As a Delhiite, I have grown up seeing the structural remains of an unknown history that we never studied in history books. Same is the case with Vadnagar, in Gujarat, which has been a living city for the last 2,500 years. Some parts of our culture were never told to us due to reasons that are unknown.

Imaging: Bhaskaran Imaging: Bhaskaran

The Union ministry of culture, under AKAM, is re-discovering the past of Delhi buried under the remains of Mehrauli and other parts of Delhi. It is a fact that Delhi had a rich pre-Mughal history, which has been shrouded in secrecy.

The foundation of Indraprastha—Delhi was known as Indraprastha during the times of the Mahabharat period—is well known. Successive waves of incursions from the west, and internecine warfare, caused the gravity of power and the urban conglomerate of Delhi to shift towards resettlement on several occasions.

After the downfall of the Gupta empire, Yoginipura came into existence in the 10th century CE, followed by the Tomara dynasty, when in 1052 to 1060 CE Maharaja Anangpal II laid the foundation of the city of Dhillika or Dhilli, which finds mention in Bijolia and Sarban inscriptions. Anangpal Tomar had built Lal Kot, the supposedly original ‘red fort’ in the present day Mehrauli region. Anangpal Tomar II had built the Anang-Tal in south Delhi, which is now being revived by ministry of culture into an Amrit Sarovar.

Similarly, long before excavations started in the small city of Vadnagar, there were literary references to its ancient past. Various historical references attributed Vadnagar as Anartapura, Anandapur, Chamatkarpur, Skandpur and Nagaraka. The region finds its earliest mention in the second century CE inscription of Mahakshtrapa Rudradaman. Vadnagar was also one of major Buddhist centres in the country, similar to Kushinagar, Sarnath and Bodhgaya; Buddhist relics were found in the area that depict scenes from the Jataka tales, which are episodes from the Buddha’s life.

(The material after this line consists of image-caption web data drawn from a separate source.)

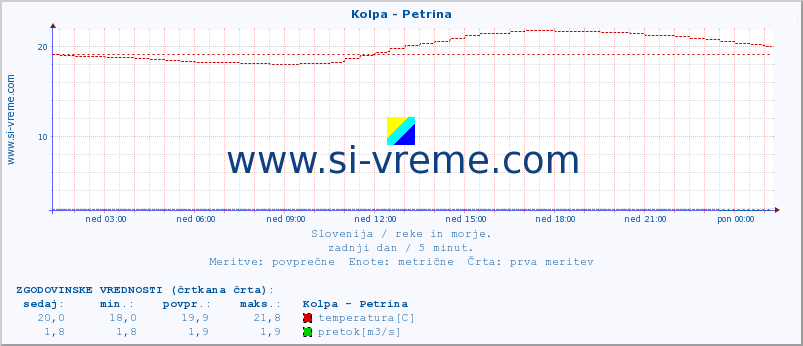 POVPREČJE :: Kolpa - Petrina :: temperatura | pretok | višina :: zadnji dan / 5 minut.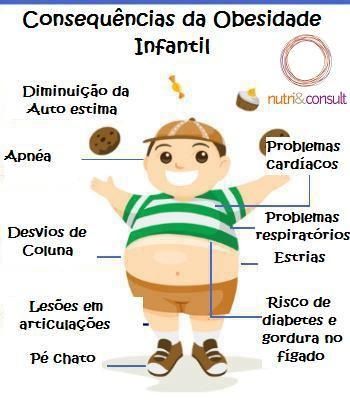 Obesidade - consequÃªncias
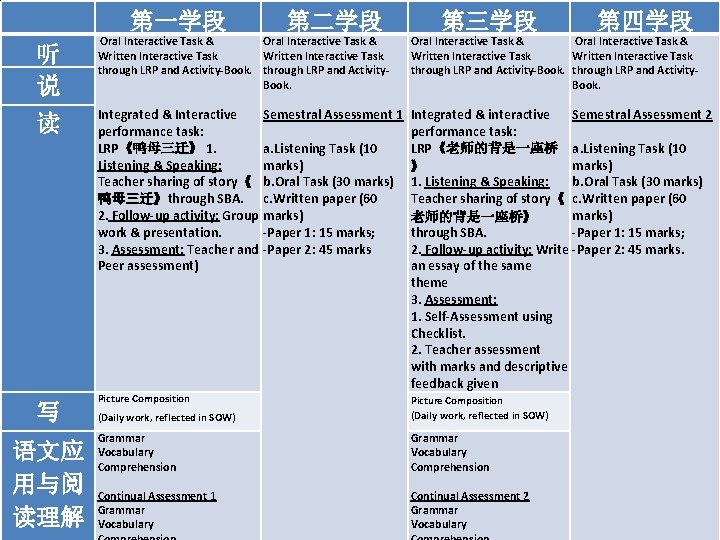 Where Every Child Matters, Every Staff Matters 第一学段 听 说 读 写 语文应 用与阅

With Azadi Ka Amrit Mahotsav, the government of India is aiming at bringing to the forefront our hidden historical heritage. Amrit Kaal (next 25 years of independent India) is the time to realise that folklores are not always fictional. It is to realise that so many wrongs needs to be corrected. It is to realise that it is not our destiny to walk on the trodden path of previous governments. It is to realise that, yes, we can question why such steps were not taken earlier. It is to realise that the greatness of this country will not be hidden anymore.

Let us eagerly wait for the Amrit Sarovar at Anangtal, Mehrauli and Vadnagar to come to life, and become popular spots for the world to see; there is much more to our culture and history than just Taj Mahal.

Lekhi is Union minister of state for external affairs and culture.